A scholar with a penchant for succinct analysis, Ebright lines his points up like dominos. "Overall, this poses three sets of risks," he begins. "It poses a risk of accidental release, it poses a risk of deliberate release by a disturbed, disgruntled or extremist employee of a laboratory, and it poses the risk of clandestine reconstruction and deliberate release by a hostile party. In any one of those three scenarios, there would be the potential for significant loss of life and significant economic disruption."

Echoing Alibek’s sense of irony, he adds, "It will be possible to build an effective vaccine, but the remarkable point here is to create a pathogen for the expressed purpose of developing a countermeasure. There is a logical lapse. The ethical barrier that would prohibit somebody from doing this has been breached by the fact that the work already has been performed and approved. It is a threat that must be considered. It would be prudent to produce and stockpile vaccine against this threat."

Indeed, bioterrorism fears have prompted massive smallpox immunization campaigns among the military and health care workers in recent years, even though that virus has been completely eradicated in nature. Now, with restoration of the 1918 influenza virus we have another "demon in the freezer," as the frozen stores of smallpox virus at the CDC and in Russia have been described. That raises the possibility of future mass immunizations against the 1918 flu, a pathogen that is so unusual that even its fully recreated genetic sequence doesn’t explain its origins. Is it possible that the 1918 strain was some kind of viral anomaly that was very unlikely to arise again in nature? "I guess that is certainly possible," Taubenberger concedes.

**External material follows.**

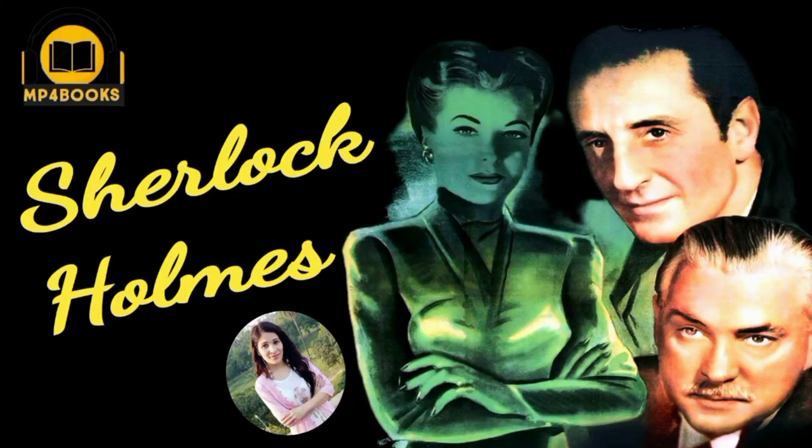Women in Green: When several women are murdered and their fingers severed, Sherlock Holmes and Dr. Watson are called into action. Holmes is baffled from the start. Widower Sir George Fenwick, after a romantic night at the apartment of Lydia Marlowe, is hypnotized into believing that he is responsible for the crimes.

Yet even if it had never recurred in nature, some other group of researchers may have eventually pieced the 1918 virus together. The Everest of the infectious disease world was not going to stay unclimbed for lack of trying.

"We knew all along that the [genetic] sequence would eventually be published, so we wanted to provide a clear public health benefit to rescuing this virus and understanding it." Tumpey argues. "If it wasn’t done by Jeffery Taubenberger, there were others that were interested in it. Others had tissues and could do this work. We knew this day would come."

References

  1. Taubenberger JK, Reid AH, Lourens RM, et al. Characterization of the 1918 polymerase genes. Nature 2005 Oct 6; 437(7,060):889-893.
  2. Tumpey TM, Basler CF, Aguilar PV, et al. Characterization of the reconstructed 1918 Spanish influenza pandemic virus. Science 2005; 310(5,745):77-80.
  3. Jeronimo C, Paul AV, Wimmer E. Chemical Synthesis of Poliovirus cDNA: Generation of Infectious Virus in the Absence of Natural Template. Science 2002; 1,018:1,016-1,018.